=== DATA SUPPLIED ===

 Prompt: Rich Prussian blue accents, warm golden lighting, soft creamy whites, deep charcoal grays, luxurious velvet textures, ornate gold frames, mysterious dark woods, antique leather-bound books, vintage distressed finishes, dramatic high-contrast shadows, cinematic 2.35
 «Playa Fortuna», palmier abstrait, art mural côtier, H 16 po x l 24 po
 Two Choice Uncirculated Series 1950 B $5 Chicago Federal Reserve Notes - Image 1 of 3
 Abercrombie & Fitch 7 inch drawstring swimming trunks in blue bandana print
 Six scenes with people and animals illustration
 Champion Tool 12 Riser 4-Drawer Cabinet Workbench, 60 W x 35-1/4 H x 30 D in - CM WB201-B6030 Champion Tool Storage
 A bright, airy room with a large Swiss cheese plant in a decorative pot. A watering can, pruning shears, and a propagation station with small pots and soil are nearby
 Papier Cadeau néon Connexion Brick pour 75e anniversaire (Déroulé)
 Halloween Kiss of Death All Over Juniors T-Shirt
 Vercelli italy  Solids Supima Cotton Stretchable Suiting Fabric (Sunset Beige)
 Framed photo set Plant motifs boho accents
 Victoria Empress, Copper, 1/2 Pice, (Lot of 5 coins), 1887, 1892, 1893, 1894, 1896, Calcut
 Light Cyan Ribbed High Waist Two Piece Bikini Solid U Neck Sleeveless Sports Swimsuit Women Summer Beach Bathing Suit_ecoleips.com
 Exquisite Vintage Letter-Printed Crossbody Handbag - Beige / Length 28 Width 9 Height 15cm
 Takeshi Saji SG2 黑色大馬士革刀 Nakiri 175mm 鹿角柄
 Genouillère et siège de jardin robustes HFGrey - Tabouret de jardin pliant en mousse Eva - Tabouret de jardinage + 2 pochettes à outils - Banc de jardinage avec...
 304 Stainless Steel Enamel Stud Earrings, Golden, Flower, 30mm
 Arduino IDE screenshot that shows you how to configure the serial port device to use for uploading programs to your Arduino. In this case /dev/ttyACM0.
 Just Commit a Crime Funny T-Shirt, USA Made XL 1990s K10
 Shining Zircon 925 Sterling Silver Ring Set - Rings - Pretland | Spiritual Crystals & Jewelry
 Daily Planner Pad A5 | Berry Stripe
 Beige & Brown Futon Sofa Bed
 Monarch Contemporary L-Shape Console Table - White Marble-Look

===

PROBLEM: Write the whole listing out again exactly.

OUTPUT BELOW:
 Prompt: Rich Prussian blue accents, warm golden lighting, soft creamy whites, deep charcoal grays, luxurious velvet textures, ornate gold frames, mysterious dark woods, antique leather-bound books, vintage distressed finishes, dramatic high-contrast shadows, cinematic 2.35
 «Playa Fortuna», palmier abstrait, art mural côtier, H 16 po x l 24 po
 Two Choice Uncirculated Series 1950 B $5 Chicago Federal Reserve Notes - Image 1 of 3
 Abercrombie & Fitch 7 inch drawstring swimming trunks in blue bandana print
 Six scenes with people and animals illustration
 Champion Tool 12 Riser 4-Drawer Cabinet Workbench, 60 W x 35-1/4 H x 30 D in - CM WB201-B6030 Champion Tool Storage
 A bright, airy room with a large Swiss cheese plant in a decorative pot. A watering can, pruning shears, and a propagation station with small pots and soil are nearby
 Papier Cadeau néon Connexion Brick pour 75e anniversaire (Déroulé)
 Halloween Kiss of Death All Over Juniors T-Shirt
 Vercelli italy  Solids Supima Cotton Stretchable Suiting Fabric (Sunset Beige)
 Framed photo set Plant motifs boho accents
 Victoria Empress, Copper, 1/2 Pice, (Lot of 5 coins), 1887, 1892, 1893, 1894, 1896, Calcut
 Light Cyan Ribbed High Waist Two Piece Bikini Solid U Neck Sleeveless Sports Swimsuit Women Summer Beach Bathing Suit_ecoleips.com
 Exquisite Vintage Letter-Printed Crossbody Handbag - Beige / Length 28 Width 9 Height 15cm
 Takeshi Saji SG2 黑色大馬士革刀 Nakiri 175mm 鹿角柄
 Genouillère et siège de jardin robustes HFGrey - Tabouret de jardin pliant en mousse Eva - Tabouret de jardinage + 2 pochettes à outils - Banc de jardinage avec...
 304 Stainless Steel Enamel Stud Earrings, Golden, Flower, 30mm
 Arduino IDE screenshot that shows you how to configure the serial port device to use for uploading programs to your Arduino. In this case /dev/ttyACM0.
 Just Commit a Crime Funny T-Shirt, USA Made XL 1990s K10
 Shining Zircon 925 Sterling Silver Ring Set - Rings - Pretland | Spiritual Crystals & Jewelry
 Daily Planner Pad A5 | Berry Stripe
 Beige & Brown Futon Sofa Bed
 Monarch Contemporary L-Shape Console Table - White Marble-Look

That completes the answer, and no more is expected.